As perdas diminuíram ainda mais a independência e o poder de atuação do Judiciário, que àquela altura já estava proibido de julgar habeas corpus nos casos de crimes políticos e contra a segurança nacional. Segundo o próprio STF, em seu site, não era interessante para o regime fechar a Corte, “porque isso configuraria a ditadura na sua forma mais primitiva”. Por isso, o Supremo permaneceu aberto, mas com extrema ingerência dos militares. 

A manobra de Bolsonaro já é uma velha conhecida da cartilha das ditaduras. Na Hungria, por exemplo, o autócrata Viktor Orbán, desde que voltou a liderar o país em 2010, tem implementado uma série de medidas para sufocar a independência do Judiciário. Entre elas, está a redução da idade para a aposentadoria compulsória de juízes, que passou de 70 para 62 anos, abrindo espaço para a chegada de novos nomes alinhados ao governo. Após pressão da União Europeia, a redução da idade foi revogada, mas a maioria dos magistrados acabou optando por não voltar à ativa. Bolsonaro chegou a tentar a mesma manobra no ano passado, mas acabou esbarrando no Congresso. 

A comparação pode ser feita inclusive com a própria Venezuela, a quem Bolsonaro se referia, durante sua primeira campanha, como exemplo do que não queria para o Brasil. No país vizinho, as medidas de Hugo Chávez ficaram marcadas também pelo cerco à Justiça. Em 2004, por exemplo, o chavismo assumiu o controle político da Corte e adicionou 12 assentos ao Tribunal, que passou a contar com 32 juízes. 

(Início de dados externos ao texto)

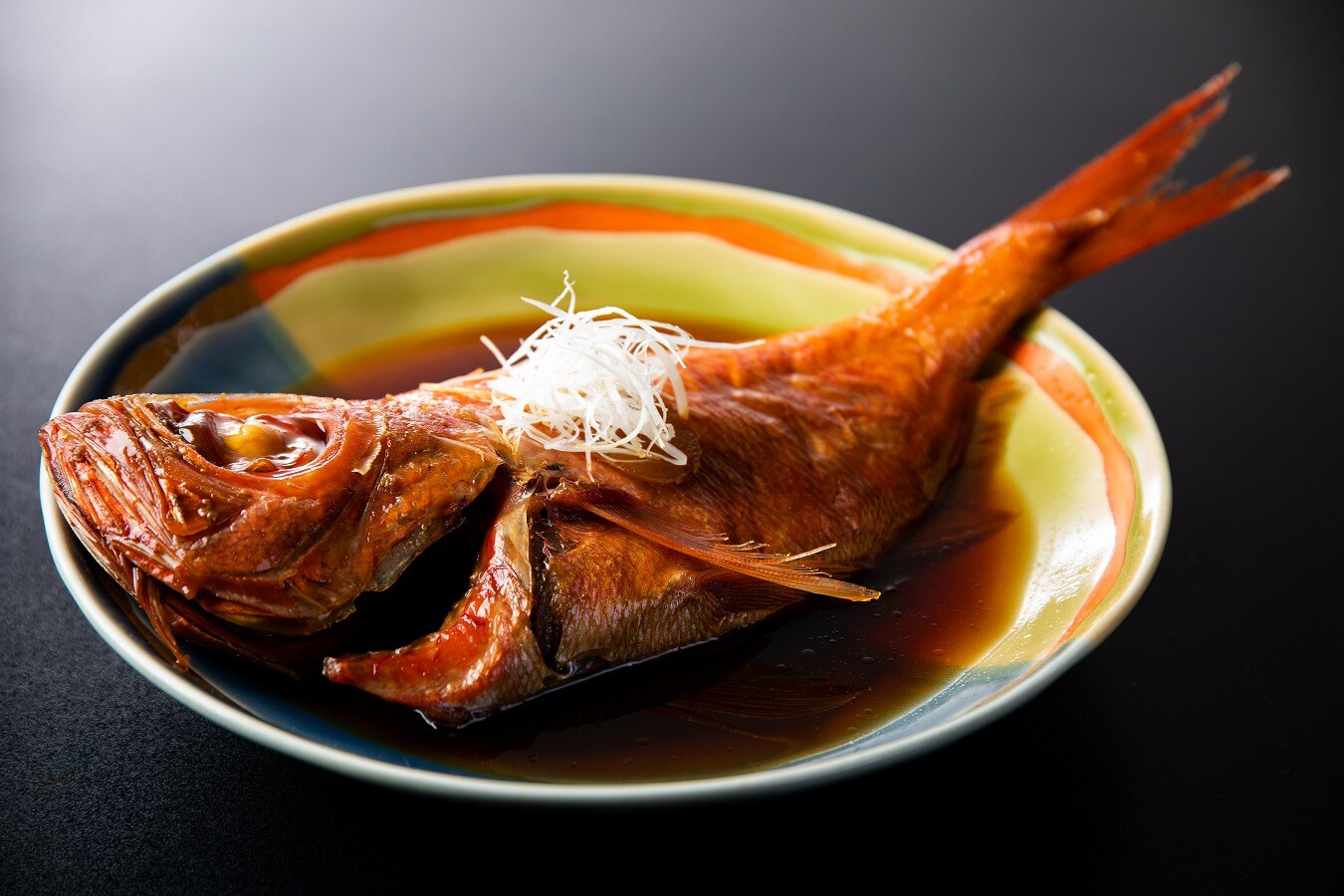 Boiled golden sea bream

A medida, que acabou fazendo com que o Judiciário parasse de fiscalizar o Executivo, só foi possível por meio de uma lei enviada ao Parlamento. Para que o número de ministros do STF seja elevado no Brasil, uma proposta também deve ser enviada ao Congresso e precisará passar por toda a tramitação na Câmara e Senado, onde o partido do presidente tem as maiores bancadas.